Few-Shot Prompting
Example
Why It Matters
Few-shot prompting lets you customize model behavior without expensive fine-tuning. It's often the fastest way to get consistent, formatted outputs from any model.
How It Works
Few-shot prompting exploits in-context learning, a capability where language models infer patterns from examples provided in the prompt without any weight updates. The model essentially reverse-engineers the task specification from the examples.

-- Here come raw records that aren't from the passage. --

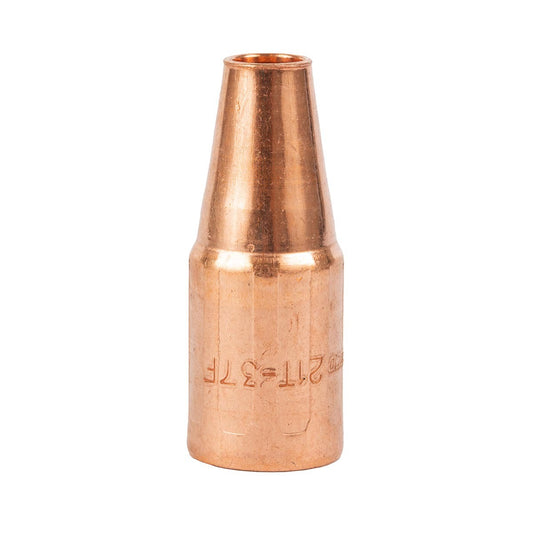 Tweco® 3/8" 21 Series Nozzle
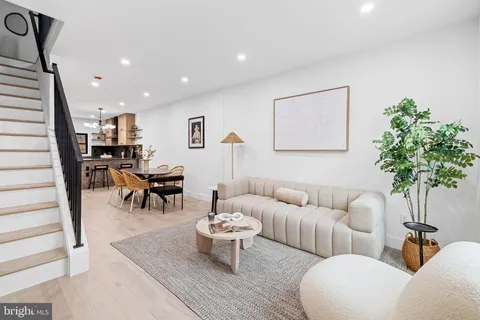 2035 Pierce Street, Philadelphia, PA 19145 - MLS#: PAPH2481404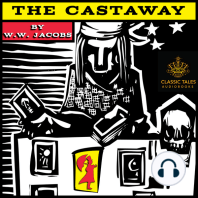 The Castaway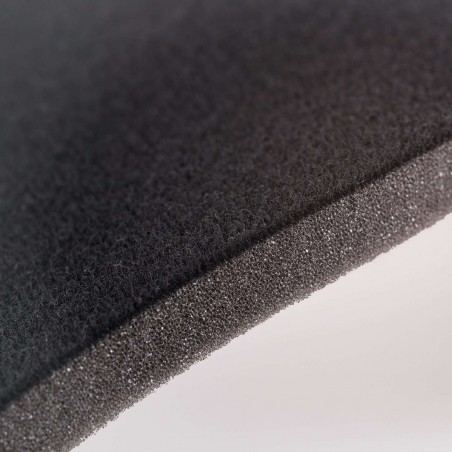 Dispozitiv profesional Balto SPORT AGILE dreapta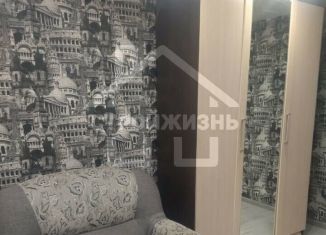 Продажа 1-ком. квартиры, 33.1 м2, Екатеринбург, Уральская улица, 2, Кировский район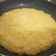 El cooksnap de JESSICA💟 cuando hizo Tortilla de papa 🥔🇪🇸👌🏻.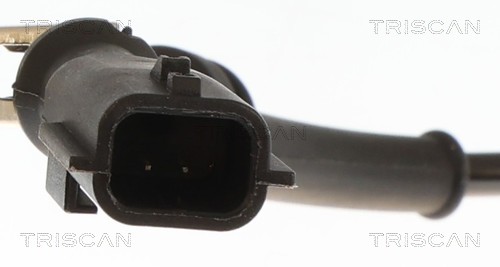 TRISCAN ABS Sensor 818025270 for DACIA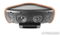 Marantz MS7000 Consolette Wireless Streaming Speaker; M... 5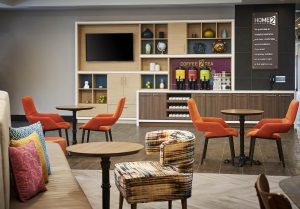 Home2 Suites By Hilton Brantford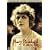 Mary Pickford - A Life on Film
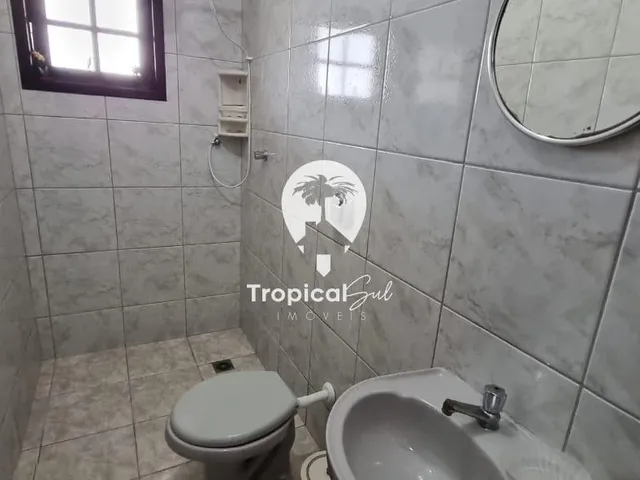 Imagem 4: Casa para Locação Temporada, Balneário Shangri-Lá, Pontal do Parana - Pr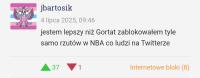 komentarz obrazkowy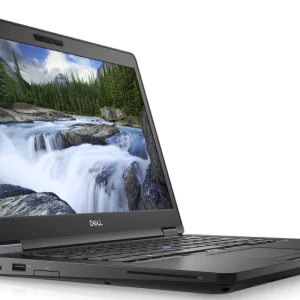 Dell Latitude 5490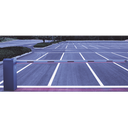 KIT-XBS-LED-R - 2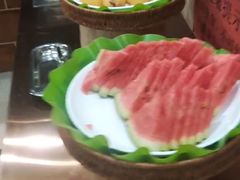 -抚顺中伟假日国际酒店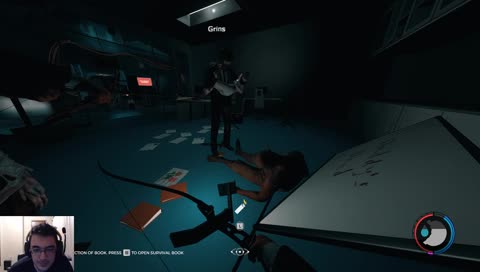 WOOOOOHOOOOOOOOOOOOOOOOH!!!!!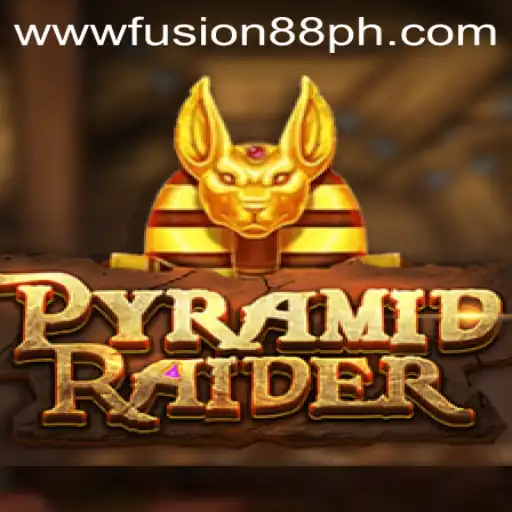 Exploring the Dynamics of PyramidRaider: Welcome to the Ultimate Adventure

The number and quality of examples matter significantly. Research shows 3-5 well-chosen examples often outperform 10+ poorly chosen ones. Example selection should cover the distribution of expected inputs, including edge cases. The order of examples also affects performance, with some models showing recency bias (favoring patterns from the last example).
Few-shot prompting works best when combined with clear instructions. The examples demonstrate the format and reasoning pattern, while the instructions specify constraints and edge case handling that examples alone can't cover.
Common Mistakes
Common mistake: Using only 'happy path' examples that don't cover edge cases
Include at least one edge case example (ambiguous input, missing data, unusual format) in your few-shot set.
Common mistake: Providing examples that are too similar to each other
Diversify your examples across different categories, lengths, and complexity levels to show the full range of expected behavior.
Career Relevance
Few-shot prompting is a daily tool for prompt engineers and anyone building LLM-powered features. It's the fastest way to prototype new AI capabilities without fine-tuning, making it essential for rapid product development.